This is an article from Iain Hannigan’s blog.  Iain mounts medals as a hobby and has come across some pretty shoddy practices from some so called professionals.  This spurred him to write this guide to how it should be done.  Original article here.

Mounting of Medals a service I provide to those who ask.  I am self-taught but adhere to regulations in my methods and have pride in my finished work.
What boils my piss annoys me intensely is so-called “professional” companies charging “Top Dollar” (I have seen £9 per medal) for mounting and they use cereal box cardboard, double-sided tape and fishing line.

If you parade in the wet (a high likelihood in our climate) they’ll go soggy and just fall apart.

This brings me to the cause of my current ire, to whit, a set of 4 medals (mounted as described above) that required work to add a 4thbar (indicating 30 years’ service) to a Volunteer Reserve Services Medal (VRSM).

Army Dress Regulations states:

Method of Court Mounting Full Size Medals.

 A backing of buckram 69.85 mm deep by width required, depending on the number of Medals. 

Medal ribbons should be placed side by side up to and including a quantity of 6 Medals unless the width of these 6 medals extends past the left shoulder seam of the uniform.  In this instance, the 6 medals may be overlapped. 7 or more court mounted medals should always be overlapped with the senior ribbon nearest the centre of the chest being left fully exposed.  The overlap of ribbons will vary depending on the number of Medals worn and the size of the individual’s chest.   

At no time should more than two-thirds of any ribbon be covered by another; the overlap of each ribbon should be equal. 

The Medal is suspended from a ribbon to allow the centre of a round Medal to be cut in half by the backing, i.e. the nose of the impression of a sovereign’s head on a Medal should rest on the bottom edge of the backing. 

The overall length of a suspended Medal will be 88.9 mm. 

No Medal should be suspended from less than 31.74 mm of Medal riband; in the case of a larger Order, Decoration or Medal, the backing may be increased to 76.2 mm depth to allow a minimum of 31.74 mm of riband suspending the Medal.    

A standard issue Medal brooch should be sewn to the back of the buckram.   The back overall should be covered by a black face cloth or doeskin, with the exception of the Guards Division, whose Medals are backed with scarlet.  

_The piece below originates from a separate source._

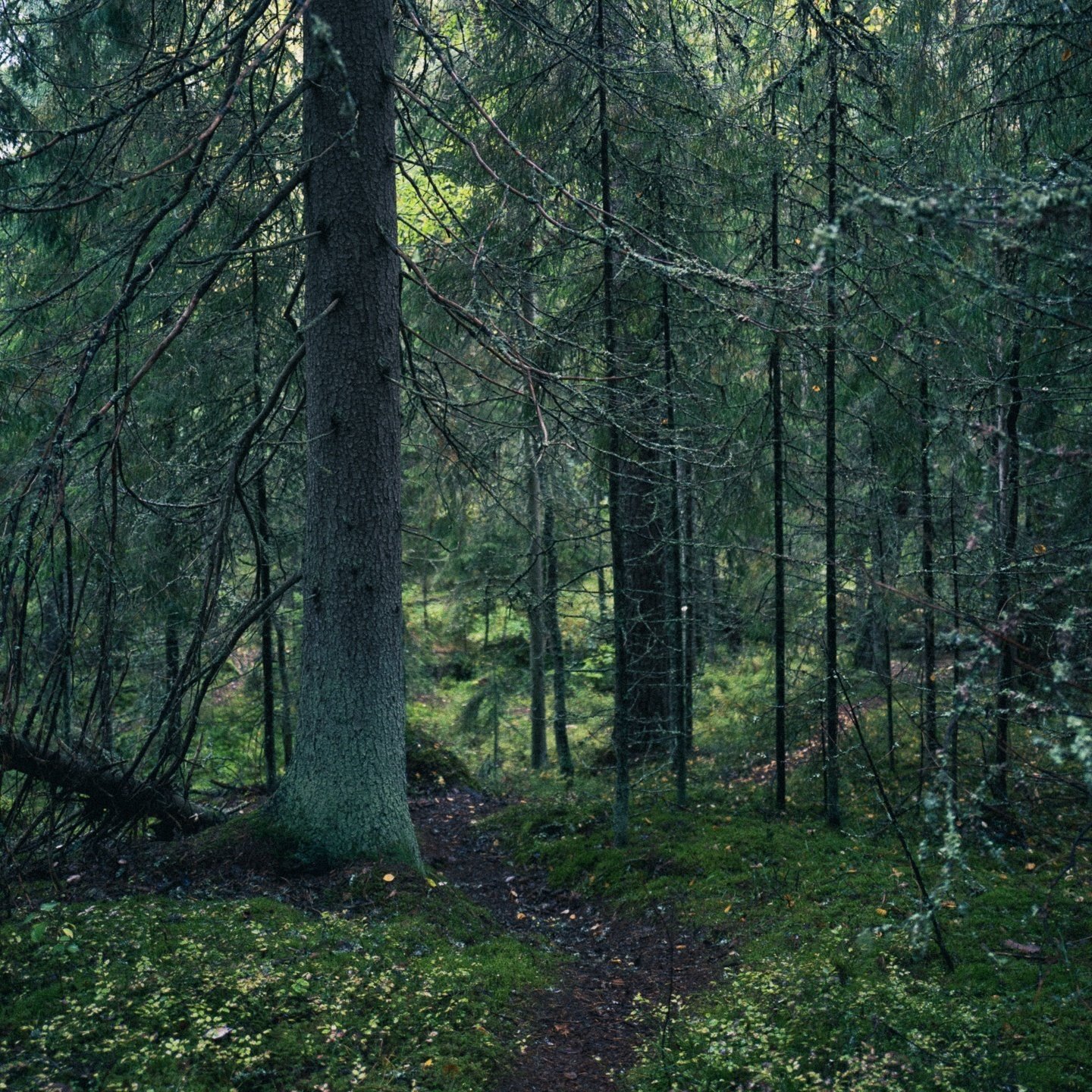 Design&Art｜デザインを探して 〈05. 神秘の森のその先へ〉｜LAPUAN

Medals are sewn down with a neutral coloured thread.    When mounted, the bottom edges of the Medals, regardless of their size, should be level.”


Time and again I see groups of fewer than 6 medals “overlapped” and as alluded to, mounted with the use of double sided tape and/ or glue.  This is shoddy and disrespectful to the owner of the medals who is paying.
“Why are they paying?”

You may well ask.

Swing mounting is carried out at public expense i.e. free by your unit tailor. Court mounting is at private expense, unless on public duties (Royal guard).

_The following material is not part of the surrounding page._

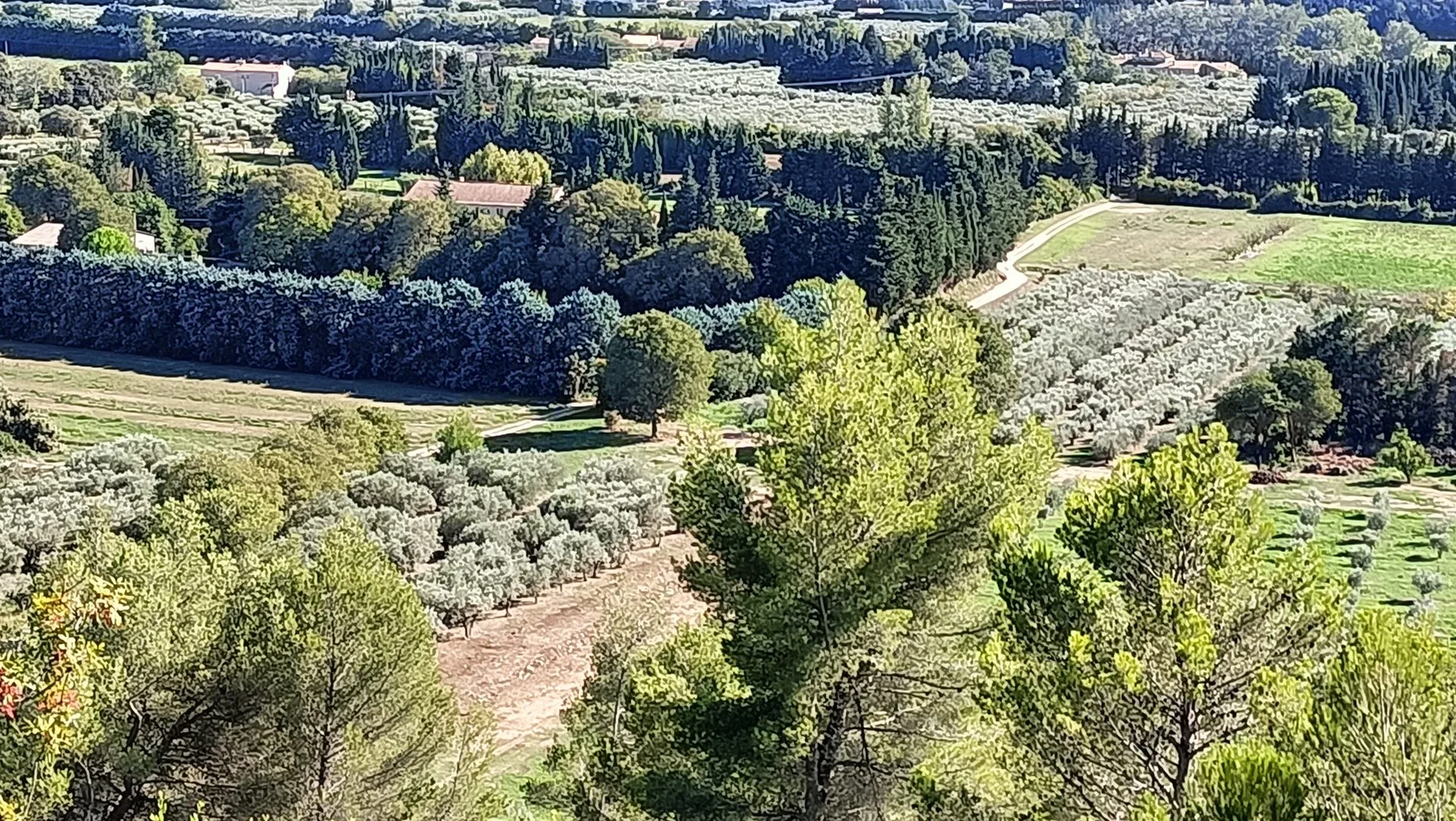 Olive trees, cypress and pine in the Alpilles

Court mounting is much the smarter (and preferred) option for many and after the last 2 decades or more there has been ample opportunity to deploy on operations and earn a substantial amount of medals.

To constantly have additional medals added to your “group” can become prohibitively expensive and to pay £9 each for cardboard and tape is a disgrace.


Let me now take you through this latest commission.
The group consists of:

Figure 1:Group as received (obverse)

Op Telic

Queens Golden Jubilee Medal

Queens Diamond Jubilee Medal

Volunteer Reserve Services Medal with 3 bars (25 years’ service)


Figure 2: Group as received (reverse)

The commission was to add a further bar (indicating 30 years’ service)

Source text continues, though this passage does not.